Salı, 22 Cumade’s Sânî 1446 | 2024/12/24
Saat: (Medine Saati İle)
Menu
ana menü
ana menü

Yargı Kararı ve Kişinin Ebeveyne İyiliği Hakkında

بسم الله الرحمن الرحيم

Soru:

es Selamu Aleykum ve Rahmetullahi ve Berakâtuh

İslami Devlet kitabının [Arapça] s.140.'ta şöyle geçmektedir: "Devletin tebaası olan herkes, ister Müslüman olsun isterse gayri Müslim, Şeriatın öngördüğü haklardan faydalanır. Tebaası olmayan herkes de Müslüman olsa bile, bu haklarından mahrum edilir. Müslüman bir erkeğin, devletin tebaası olan Hıristiyan bir annesi ve devletin tebaası olmayan Müslüman bir babası var ise annesi babasından nafaka alabilir. Ama babası annesinden alamaz. Annesi, babasından nafaka isterse, hâkim anne için nafakaya hükmeder. Çünkü anne devletin tebaasıdır. Ama baba, nafaka talep etse bile hâkim onun için nafakaya hükmetmez ve talebini reddeder."

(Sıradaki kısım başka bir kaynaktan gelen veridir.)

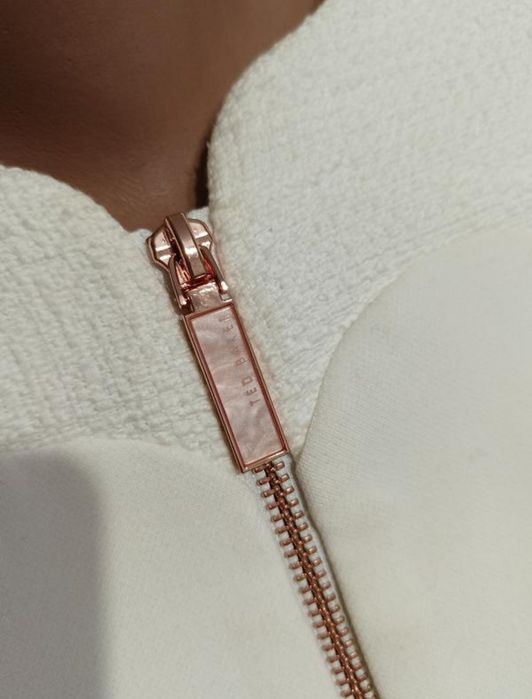 Жіночий стильний жакет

Burada soru şudur: Kişinin Müslüman ve İslami Devletin tebaası olup olmadığına bakılmaksızın, insanın ebeveyne iyilik etmesi ve onlara merhamet kanatlarını açması vacip değil midir? Bu Müslüman, Muhalefet suçu işlese ve devletin otoritesi dışında bireylerin sınırlarına tecavüz etse, bu bireyler de devletin tebaası olmayan yabancılar ise ve İslami Devlet sınırları içine kaçsa, sonra bu kimseler şikâyet için oraya gelseler, hâkim, devletin tebaası değiller diye davalarını reddeder mi? Ayrıntılı bir şekilde izahat yapılacağını umuyorum. Allah mükâfatınızı artırsın.

ve's Selamu Aleykum ve Rahmetullahi ve Berakâtuh

Cevap:

Aleykum'us Selam ve Rahmetullahi ve Berakâtuh

Burada birbirinden ayrı iki konu vardır:  Yargı kararı ve ebeveyne iyilik etmek.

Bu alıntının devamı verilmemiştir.